A América Latina e o Caribe perderam aproximadamente 64 milhões de hectares de superfície florestal entre 1990 e 2005 e ocupa o primeiro lugar no mundo no que diz respeito a espécies de árvores consideradas em perigo, revelou um relatório da Organização das Nações Unidas para Agricultura e Alimentação, conhecida pelas iniciais em inglês FAO, publicado hoje. A taxa anual de variação da superfície florestal revela uma contração de 0,51% entre 2000 e 2005, comparada com uma redução de 0,46% registrada ao longo da década de 1990, diz o estudo "Situação dos Bosques no Mundo", apresentado na abertura da 18ª sessão do Comitê Florestal da FAO.

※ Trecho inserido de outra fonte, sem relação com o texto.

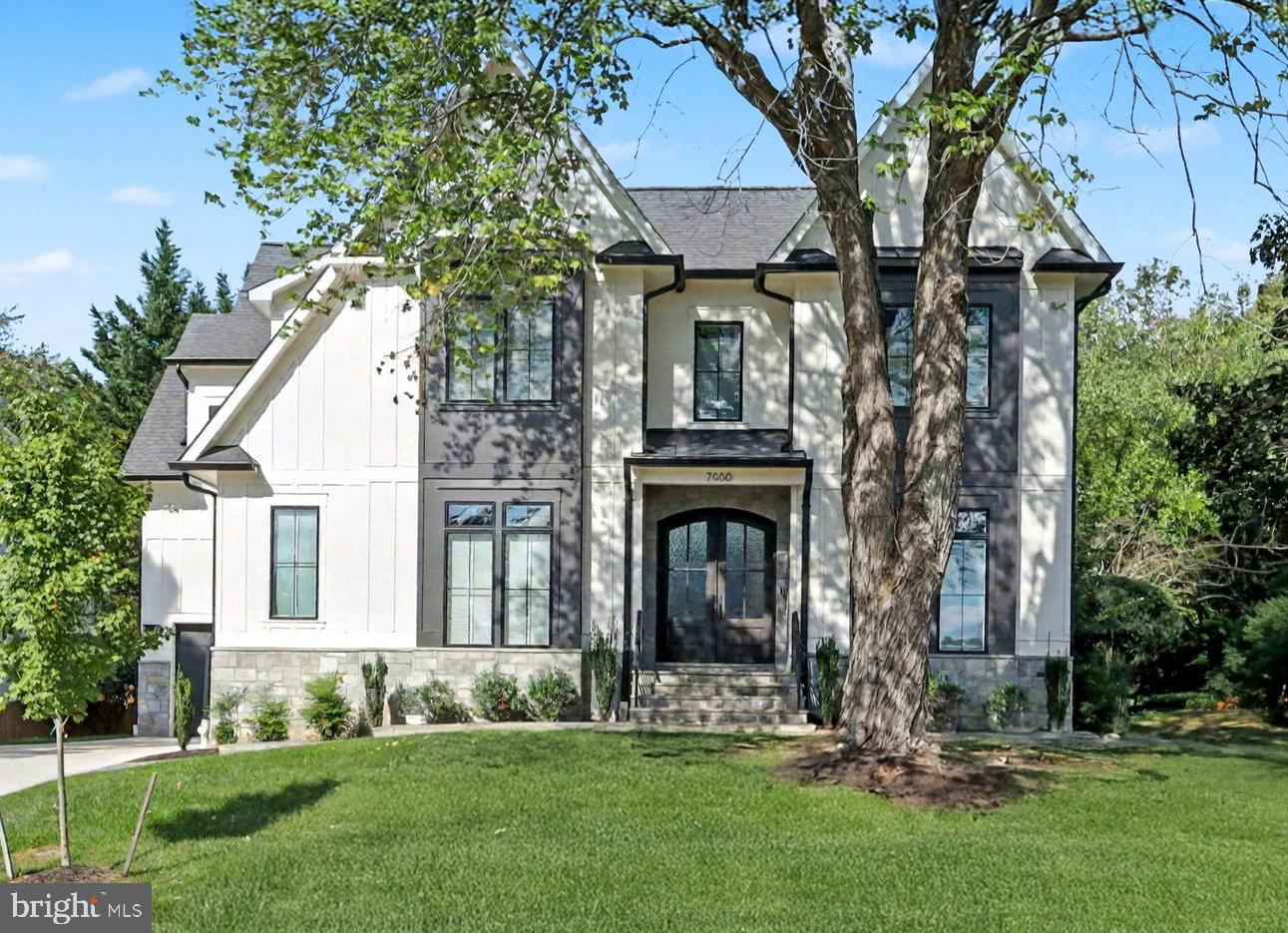 7000 Hector Road McLean, VA 22101 - Photo 1 of 50 a front view of a house with a garden and trees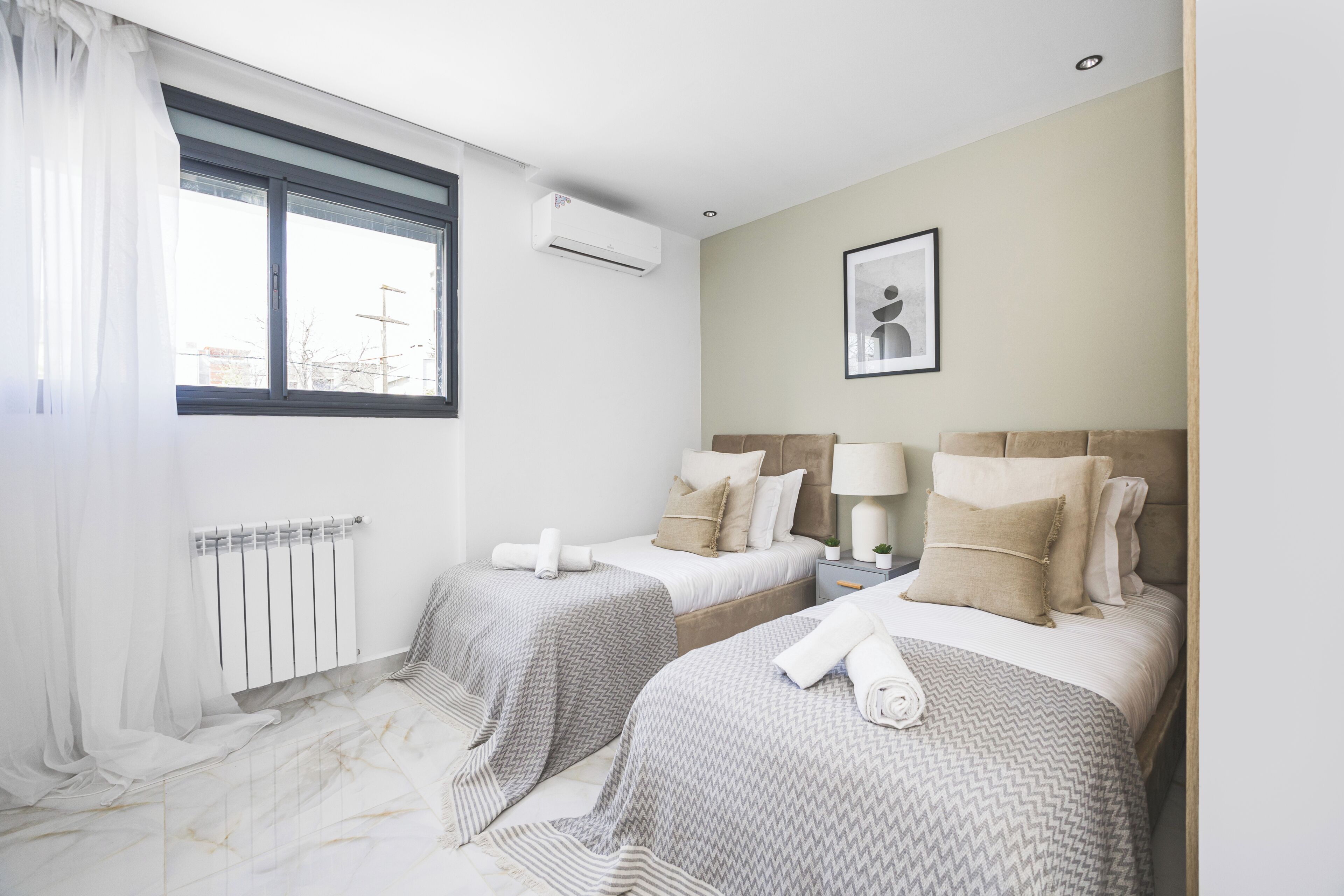 A hotel room with two beds, a window with curtains, an air conditioning unit, a framed picture on the wall, and a bedside table with a lamp.
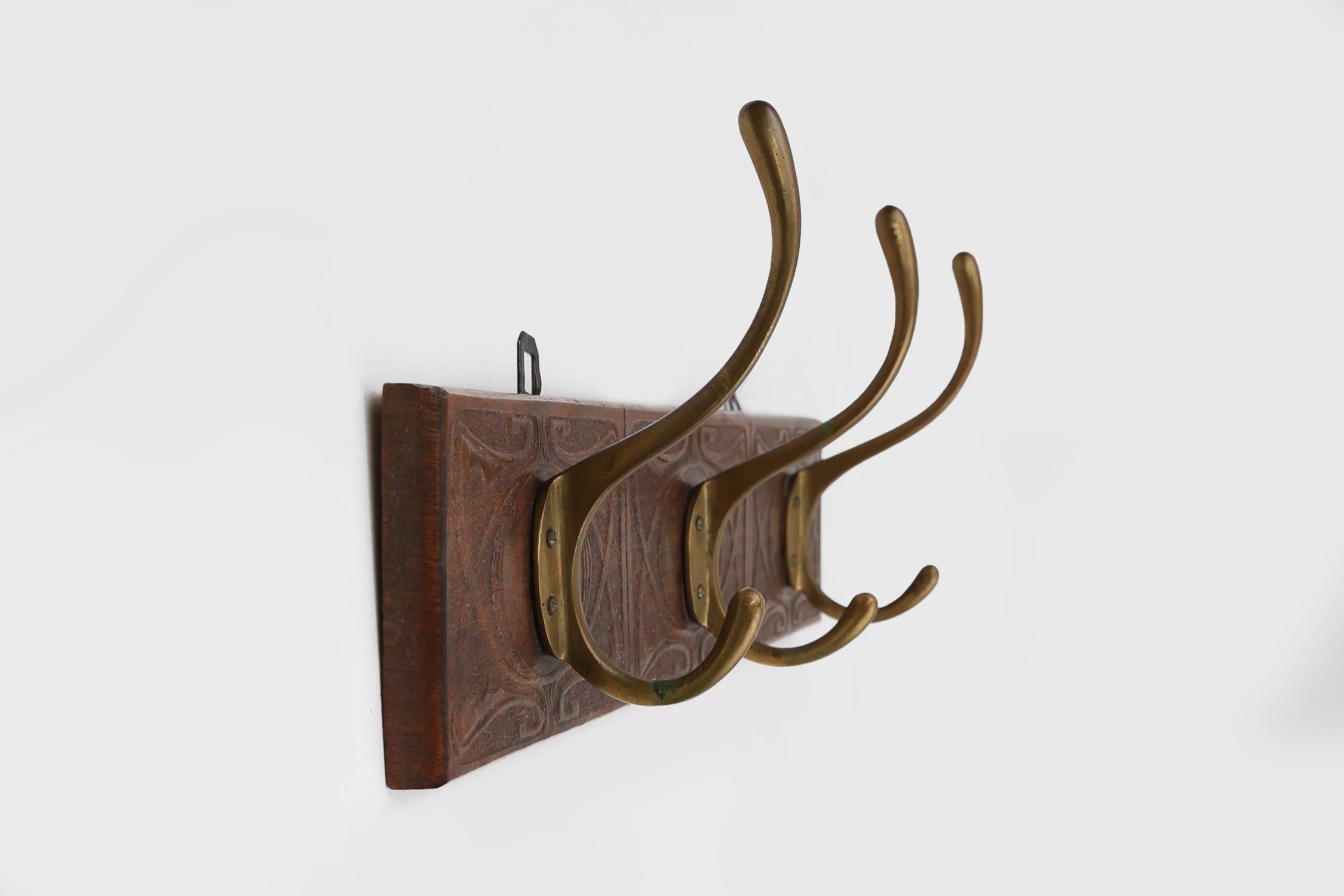 Hand-Carved Art Nouveau wall coat rack in carved wood with brass, France ca. 1910 For Sale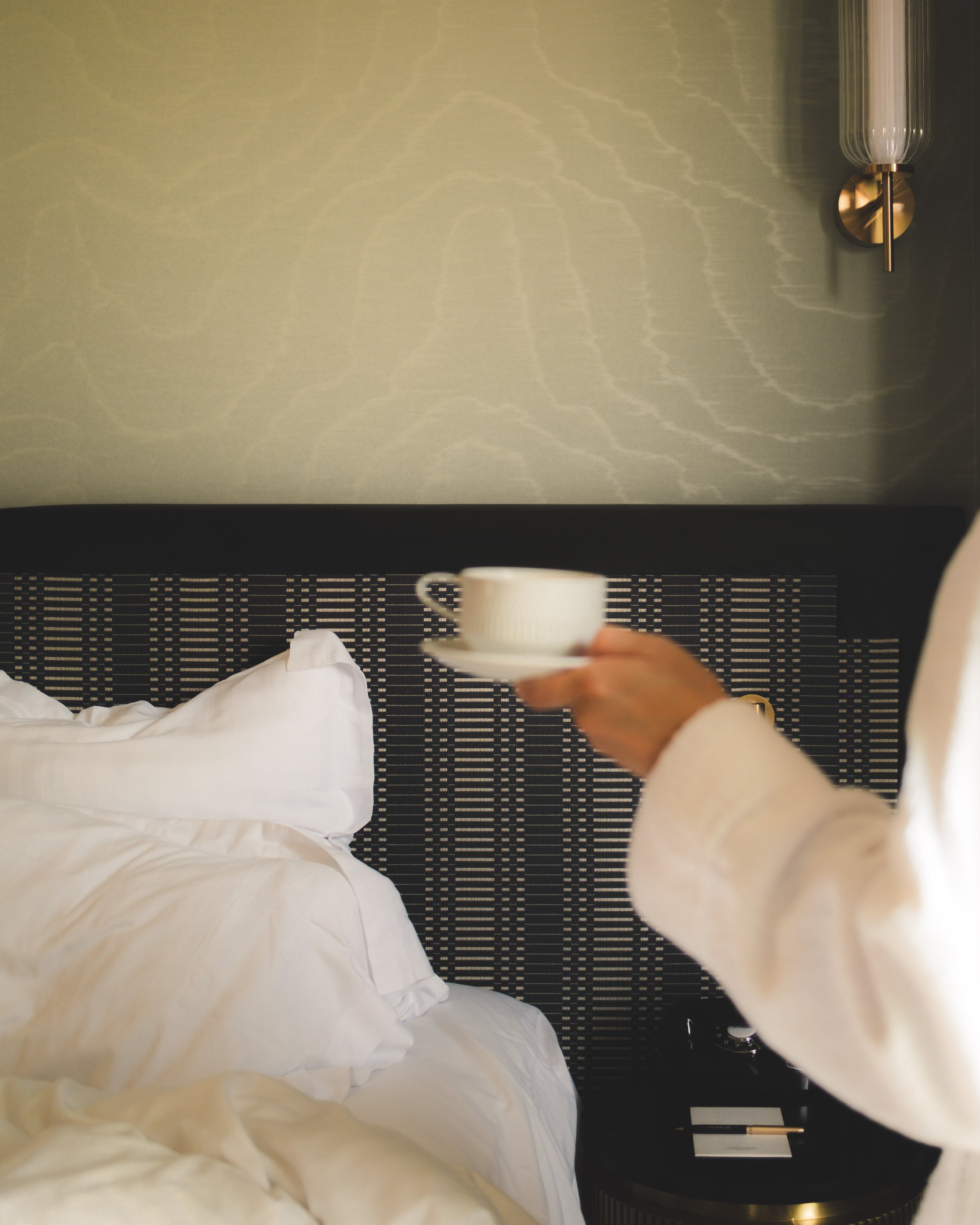 A hotel room with a bed covered in white linens, a tray with a white cup and saucer, a pen, keys, and a notepad on a black cabinet, a modern wall-mounted lamp, and a wall with a subtle textured pattern.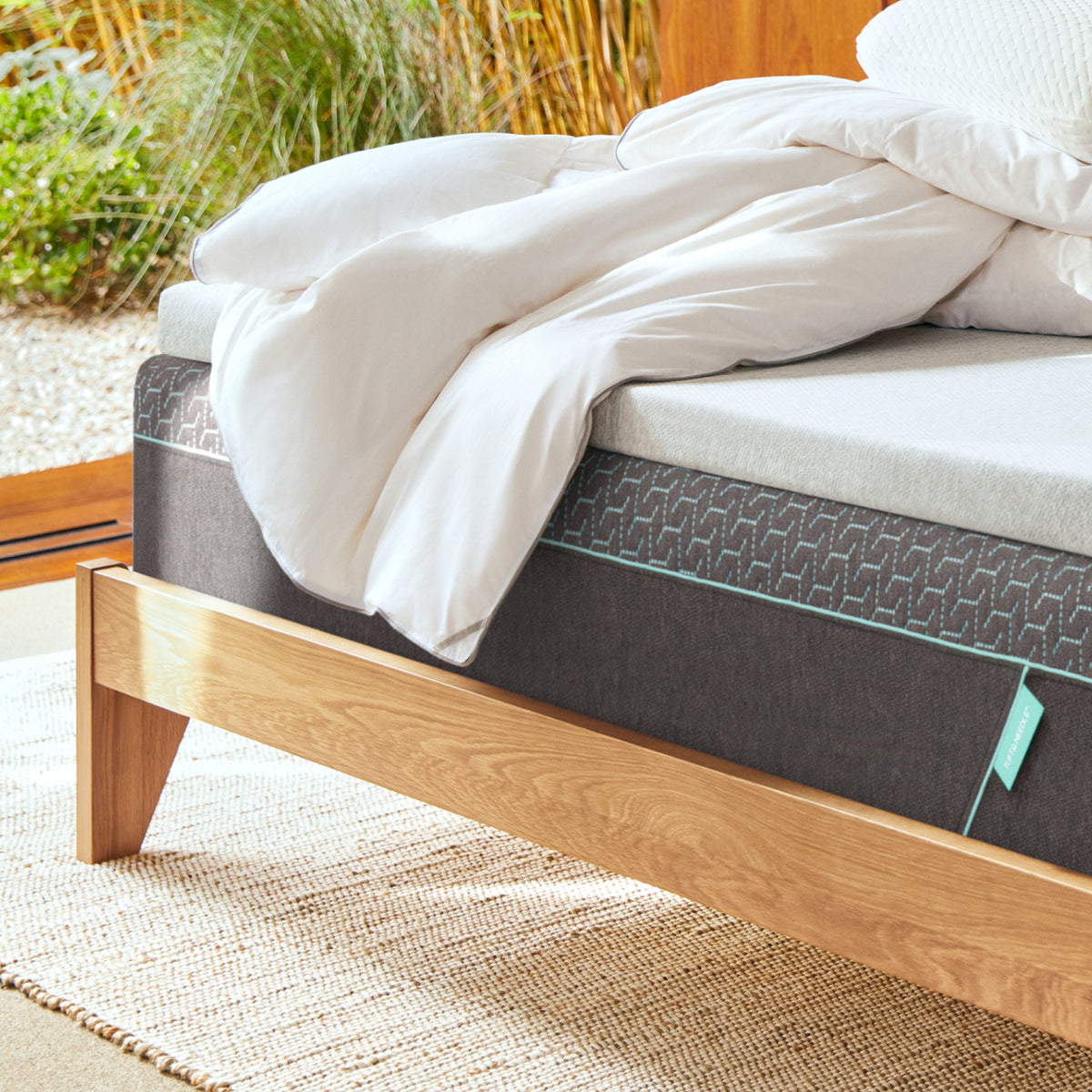 Tuft and Needle Mattress on a wooden bed frame with white down duvet insert on top with an outdoors background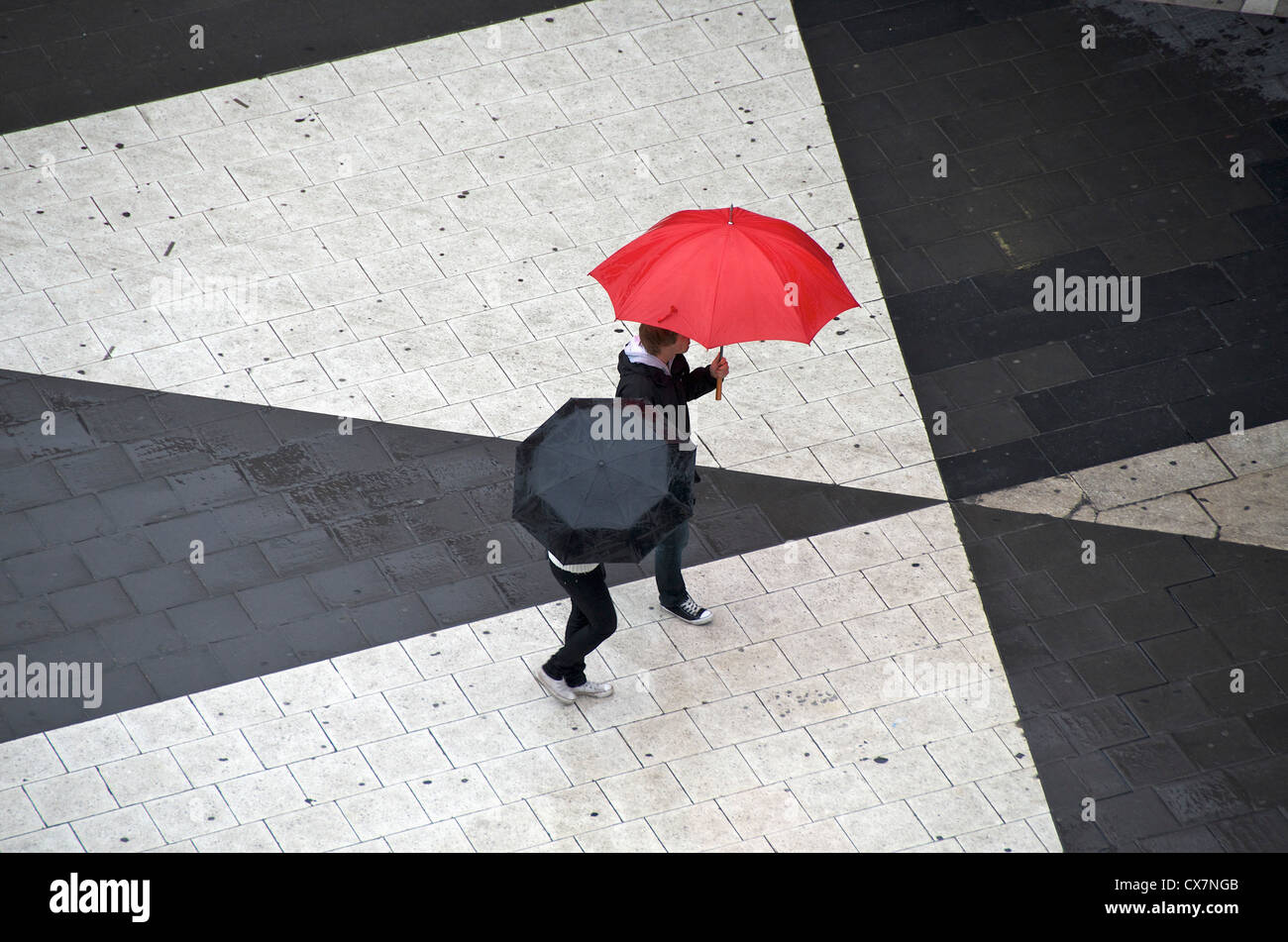 Two pedestrians with umbrellas Stock Photo - Alamy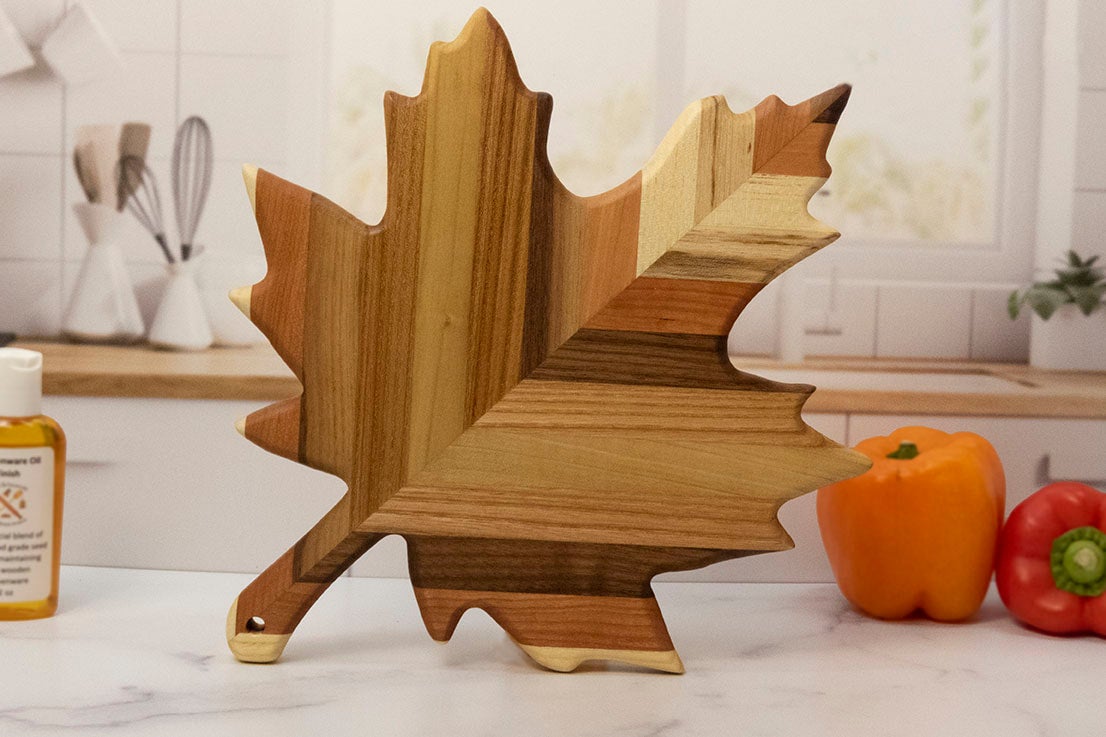 Wooden leaf-shaped cutting board on a kitchen counter with peppers in the background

O documento salienta que a região dispõe de recursos florestais em abundância, com 47% das terras. Juntos, a América Latina e o Caribe respondem por 22% da superfície florestal do planeta. Junto com a África, porém, são as regiões que experimentam as piores perdas. Entre 1900 e 2005, a América Latina perdeu em torno de 64 milhões de hectares de superfície florestal, a qual aumentou 11% no Caribe, mas retrocedeu 19% na América Central e 7% na América do Sul.

O documento reconhece que os países da região "estão travando uma difícil batalha para reter os bosques", realizando "esforços consideráveis", inclusive com um aumento de mais de 2% da superfície florestal destinada à conservação e à preservação da diversidade biológica. A principal causa do desflorestamento entre 2000 e 2005 nas Américas Central e do Sul foi a conversão de florestas em terras de cultivo. Apesar disso, a superfície florestal aumentou no Chile, em Cuba e no Uruguai.

Na América Latina e no Caribe, cerca de 12% de toda a superfície florestal está destina a fins de produção, diante de 32% da média mundial. Mas as diferenças entre os países são gigantescas. No Brasil, por exemplo, apenas 5,5% das áreas de floresta têm fins produtivos, contra 60% no Uruguai, 45% no Chile e 37% no Peru. Ao mesmo tempo, a superfície florestal com fins de preservação ambiental representa 11% do total na América Latina e no Caribe, diante de 9% da média mundial.